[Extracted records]
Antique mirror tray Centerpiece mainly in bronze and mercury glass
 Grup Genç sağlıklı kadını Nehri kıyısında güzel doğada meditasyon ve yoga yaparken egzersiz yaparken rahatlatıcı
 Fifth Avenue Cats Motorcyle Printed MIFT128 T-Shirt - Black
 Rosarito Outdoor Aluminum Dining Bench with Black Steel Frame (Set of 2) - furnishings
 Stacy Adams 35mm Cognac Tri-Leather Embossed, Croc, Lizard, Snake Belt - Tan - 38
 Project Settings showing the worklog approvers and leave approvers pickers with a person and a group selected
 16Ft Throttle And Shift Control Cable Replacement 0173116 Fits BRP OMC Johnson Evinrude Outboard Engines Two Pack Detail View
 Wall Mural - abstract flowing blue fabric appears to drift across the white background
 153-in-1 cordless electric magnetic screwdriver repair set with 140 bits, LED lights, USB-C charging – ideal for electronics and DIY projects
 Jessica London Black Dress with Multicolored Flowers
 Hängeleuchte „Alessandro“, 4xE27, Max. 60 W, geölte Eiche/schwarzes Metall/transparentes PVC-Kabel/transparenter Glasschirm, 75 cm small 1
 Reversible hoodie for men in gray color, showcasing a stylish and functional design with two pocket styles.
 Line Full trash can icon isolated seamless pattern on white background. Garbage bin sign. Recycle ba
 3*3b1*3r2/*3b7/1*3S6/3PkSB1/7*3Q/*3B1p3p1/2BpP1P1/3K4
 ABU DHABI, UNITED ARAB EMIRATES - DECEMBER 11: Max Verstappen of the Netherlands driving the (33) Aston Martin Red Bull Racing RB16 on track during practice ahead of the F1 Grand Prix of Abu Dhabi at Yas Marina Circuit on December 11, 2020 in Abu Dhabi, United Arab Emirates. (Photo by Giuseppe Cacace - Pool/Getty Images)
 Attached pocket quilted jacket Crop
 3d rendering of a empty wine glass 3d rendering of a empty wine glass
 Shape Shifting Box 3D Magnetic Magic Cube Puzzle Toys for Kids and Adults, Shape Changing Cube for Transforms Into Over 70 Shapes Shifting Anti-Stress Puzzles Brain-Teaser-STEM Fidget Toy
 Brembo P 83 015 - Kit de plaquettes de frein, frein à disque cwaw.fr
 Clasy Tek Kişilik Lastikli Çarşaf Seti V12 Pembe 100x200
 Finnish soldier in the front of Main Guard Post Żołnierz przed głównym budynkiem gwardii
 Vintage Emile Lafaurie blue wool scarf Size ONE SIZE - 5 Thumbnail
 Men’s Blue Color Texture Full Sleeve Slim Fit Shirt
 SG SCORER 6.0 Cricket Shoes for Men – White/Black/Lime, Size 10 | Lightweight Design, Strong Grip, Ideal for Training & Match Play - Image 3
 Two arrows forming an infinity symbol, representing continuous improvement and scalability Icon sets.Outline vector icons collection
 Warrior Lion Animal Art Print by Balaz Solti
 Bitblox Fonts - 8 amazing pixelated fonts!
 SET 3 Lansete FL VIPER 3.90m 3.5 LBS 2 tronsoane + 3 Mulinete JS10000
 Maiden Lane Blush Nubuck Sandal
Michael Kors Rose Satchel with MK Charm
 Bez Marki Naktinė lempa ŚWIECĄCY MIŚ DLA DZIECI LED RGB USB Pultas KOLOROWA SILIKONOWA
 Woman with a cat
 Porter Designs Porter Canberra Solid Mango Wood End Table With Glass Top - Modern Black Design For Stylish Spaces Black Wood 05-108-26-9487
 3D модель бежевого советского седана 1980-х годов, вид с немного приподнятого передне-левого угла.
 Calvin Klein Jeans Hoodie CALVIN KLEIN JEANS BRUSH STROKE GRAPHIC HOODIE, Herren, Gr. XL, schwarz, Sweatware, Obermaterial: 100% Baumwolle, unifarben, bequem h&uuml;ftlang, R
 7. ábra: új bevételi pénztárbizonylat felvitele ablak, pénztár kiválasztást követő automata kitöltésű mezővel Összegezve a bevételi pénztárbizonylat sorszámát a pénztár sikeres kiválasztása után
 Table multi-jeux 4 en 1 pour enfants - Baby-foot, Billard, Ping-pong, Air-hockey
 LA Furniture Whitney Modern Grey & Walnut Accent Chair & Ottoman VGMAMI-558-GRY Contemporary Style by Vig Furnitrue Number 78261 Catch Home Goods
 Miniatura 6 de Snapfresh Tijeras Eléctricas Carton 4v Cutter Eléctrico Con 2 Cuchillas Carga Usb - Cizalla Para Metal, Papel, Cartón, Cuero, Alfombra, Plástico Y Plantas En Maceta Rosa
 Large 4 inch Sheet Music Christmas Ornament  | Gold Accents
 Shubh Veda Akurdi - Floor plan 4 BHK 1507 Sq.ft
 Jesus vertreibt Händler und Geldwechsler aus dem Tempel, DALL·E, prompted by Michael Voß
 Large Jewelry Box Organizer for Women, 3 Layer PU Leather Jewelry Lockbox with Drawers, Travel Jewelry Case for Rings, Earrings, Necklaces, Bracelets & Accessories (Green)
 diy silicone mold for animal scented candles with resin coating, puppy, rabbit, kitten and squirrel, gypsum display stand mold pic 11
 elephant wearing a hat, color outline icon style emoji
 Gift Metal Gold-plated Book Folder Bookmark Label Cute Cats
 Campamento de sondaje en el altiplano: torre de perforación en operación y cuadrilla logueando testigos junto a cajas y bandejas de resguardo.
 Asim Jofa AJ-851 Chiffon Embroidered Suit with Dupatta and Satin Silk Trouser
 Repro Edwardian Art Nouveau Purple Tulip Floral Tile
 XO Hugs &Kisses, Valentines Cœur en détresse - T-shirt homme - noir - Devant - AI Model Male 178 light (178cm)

→ Instructions to follow
Wherever "Cats" occurs in the records above, copy the line it sits in.

→ Reply
 Fifth Avenue Cats Motorcyle Printed MIFT128 T-Shirt - Black
 Gift Metal Gold-plated Book Folder Bookmark Label Cute Cats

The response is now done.